Hicks has managed to remain enthusiastic about her role in spite of ongoing financial worries. Hood River City Police Chief Bruce Ludwig said a school resource officer often shoulders the workload on any case involving minors since she/he is a trusted figure that children are comfortable to talk with.
“Having someone like Officer Hicks in the schools takes a lot of pressure off patrol officers and patrol deputies,” said Ludwig.
When the city police department scored a federal grant for Hicks’ position and that of Community Resource Officer Aaron Jubitz four years ago, all seemed rosy. Jubitz and Hicks set about developing their respective programs secure in the knowledge that their wages, benefits and equipment were completely paid the first year and then on a decreasing scale for the next two years. The intent of the money was to provide lead time for local agencies to absorb the cost of the two specialized officers into their regular budgets. However, fissures arose in the plan to make both positions permanent when fiscal year 2004-05 arrived and the city was mandated by the contract with the Department of Justice to pay the full expense of Hicks’ position. Since 2002, Cascade Locks Interested in Kids (CLIK) had picked up the tab for 10 hours of Jubitz’ time each week. However, because of the city’s current budget constraints, he is now back on patrol and his work to arm neighborhoods against crime has been shelved.

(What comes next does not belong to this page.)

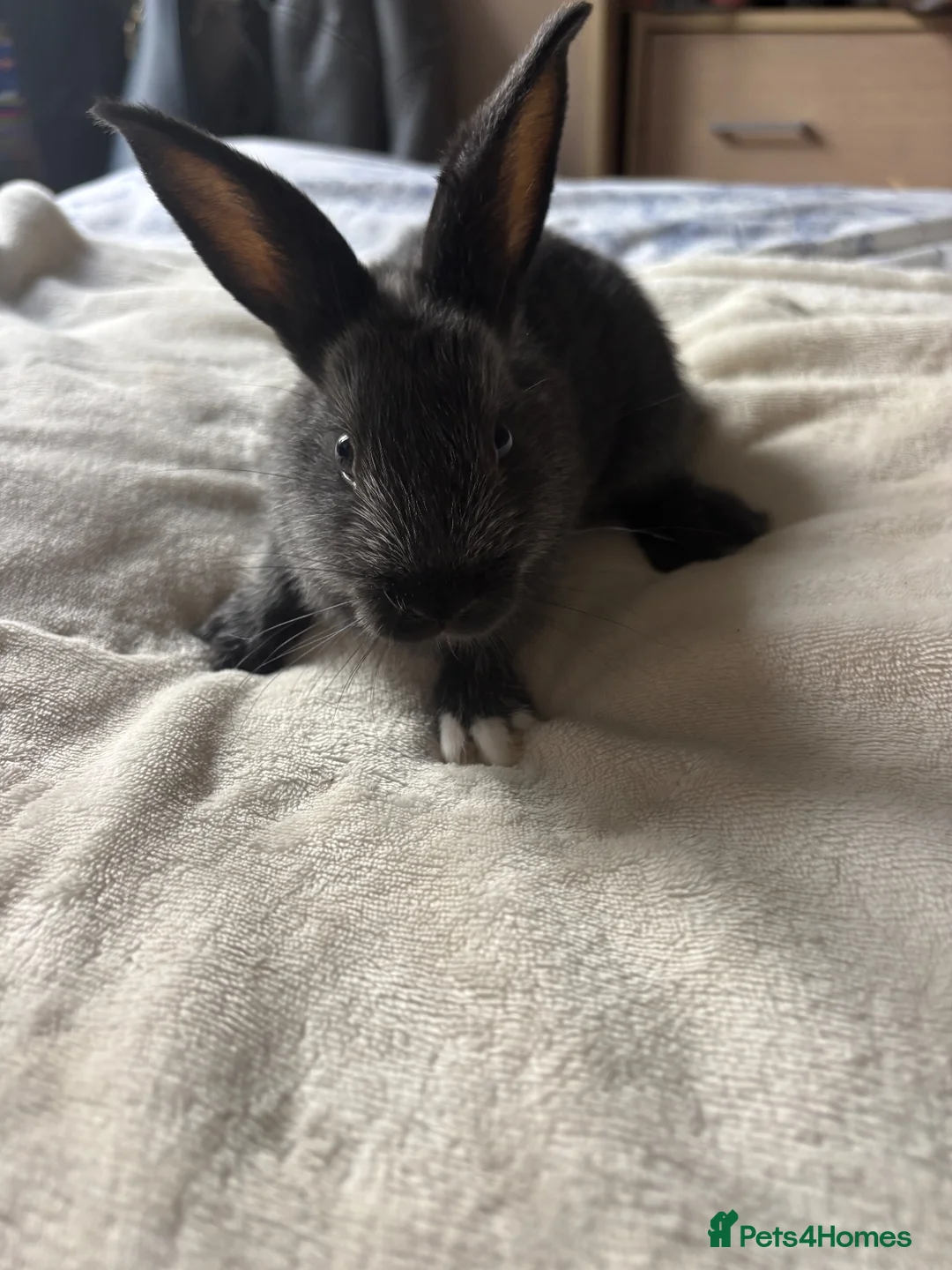 Alaska rabbits for sale: 4 alaska baby rabbits  - Advert 4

CLIK, a prevention coalition, is also planning to contribute funding for Hicks’ job. The organization believes her work among youth is invaluable to promote healthy lifestyles, but the amount of that contribution is not yet available.
Bob Francis, city manager, said the school resource officer program will also have to be dropped if municipal citizens are forced to bear the full cost. It is, he said, a matter of equality since Hicks primarily works outside of the city limits.
“I just didn’t feel that it would be fair to have city taxpayers completely fund this position since Tiffany spends only one-third of her time here,” said Francis. “However, it would be a real loss to have her back on the streets since she is an excellent role model for students and is definitely the right person in the right job.”